On-again, off-again legislative efforts to improve the environment and reduce the power of Big Tobacco have often included proposals for an excise tax intended to defray some of the health care costs of smoking-related illness and at the same time add to the customer’s cost and thereby reduce the habit. Anti-tobacco litigation came to a head in the 1990s with headline cases against the industry brought in Mississippi and Florida, by the law firm of Richard Scruggs of Pascagoula, MI, and in Minnesota by the firm of Michael Cerisi, resulting in groundbreaking negotiations.

The internal dynamics of direct experience in an earlier effort, a 1970s Senate Health Subcommittee, and in the Big Tobacco cases of modern times, provide historic insights in sidebars from Henry Blackburn.

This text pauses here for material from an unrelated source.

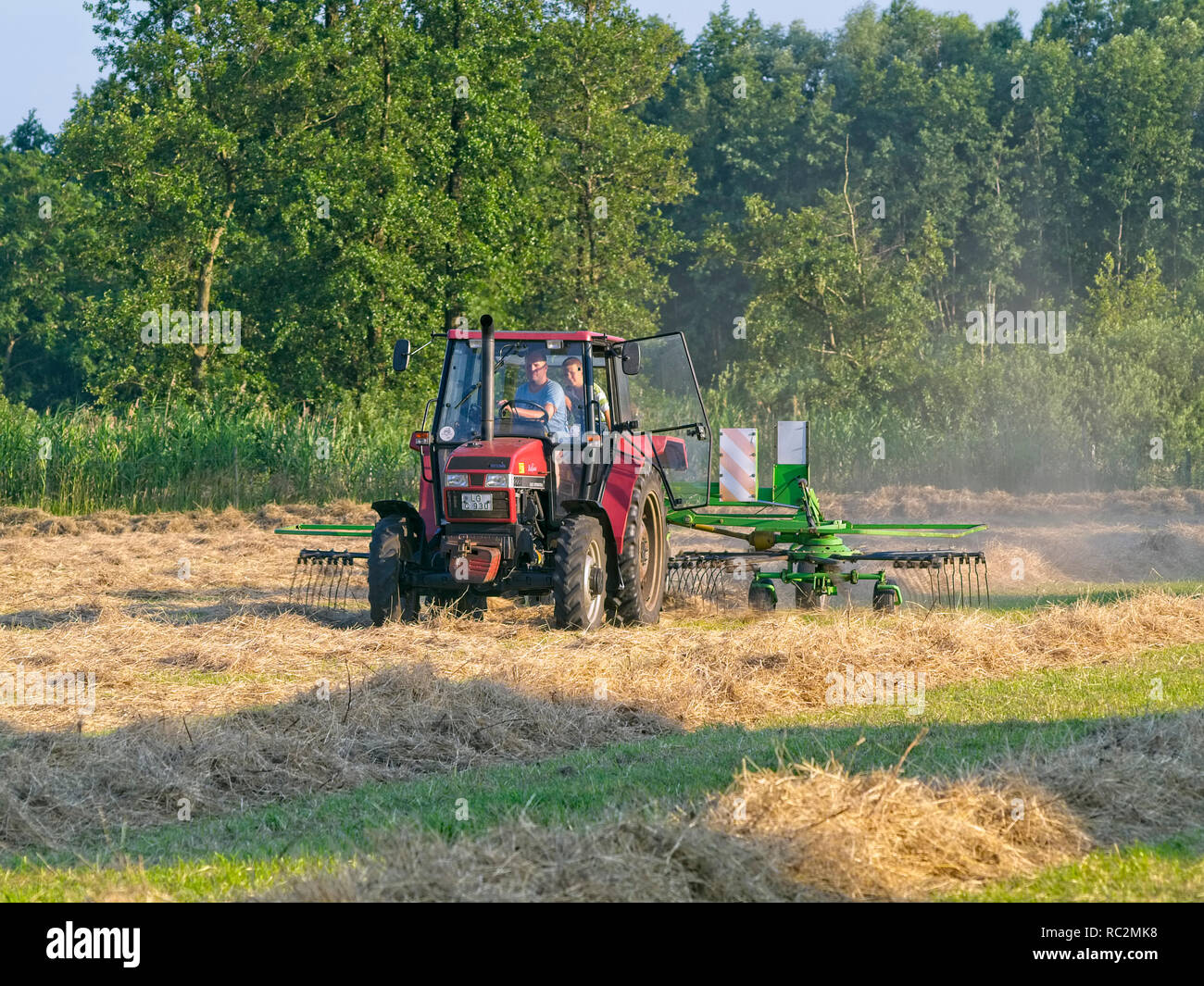 Mobile Heu Heuwender in Aktion auf einer gemähten Wiese in Niedersachsen in der Nähe von Barum, Elbmarsch, Deutschland. Stockfoto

The Kennedy-Hart Senate Health Committee Tackles Big Tobacco, 1976

[ed. Senators Ted Kennedy and Gary Hart worked closely in their Senate Subcommittee on Health. I got involved when they initiated hearings in the late ’70s on a recurring topic, an excise tax on tobacco, the proceeds of which would be applied to research and patient care for tobacco-related diseases. This tax had been proposed numerous times in Congress and in state legislatures as a reasonable way for the tobacco industry and smokers to help pay for the damage they inflict. The tax is such a logical idea–amid the illogical situation in which government legalizes and subsidizes the production and consumption of an addictive, highly lethal substance–that it never succeeded in the legislature. The following anecdote, a true story, illustrates why.]

The Senate Health Subcommittee staff had arranged a full day of hearings to include an orderly presentation of the evidence of causal relationships between tobacco and many diseases that burden American society. Five of us were to provide this testimony early in the day, a representative of the American Cancer Society, the American Lung Association, and the American Heart Association (me), plus two distinguished bench scientists, Nobel laureates, one in cell biology and the other in oncology. Each of us had prepared concise and fact-filled testimony, backed by documents to be submitted for the Congressional Record, which would provide a firm scientific basis for the excise tax legislation pursued by Senators Kennedy and Hart.

Our medical-scientific contingent arrived a few minutes before the 8 a.m. hearing, finding the massive doors of the senate hearing room still closed and a crowd milling about. This surprised us. We had understood that the hearings would be small and that we might have an active exchange with the senators and their well-informed staffs. As the portals swung open and we entered the formal hearing room, we were beckoned by a staff person to take seats in the front row. There we looked directly up, as in an old English court of law, toward the elevated positions of the senators. After several minutes, they entered, first Kennedy and his bustling entourage, then Hart more modestly.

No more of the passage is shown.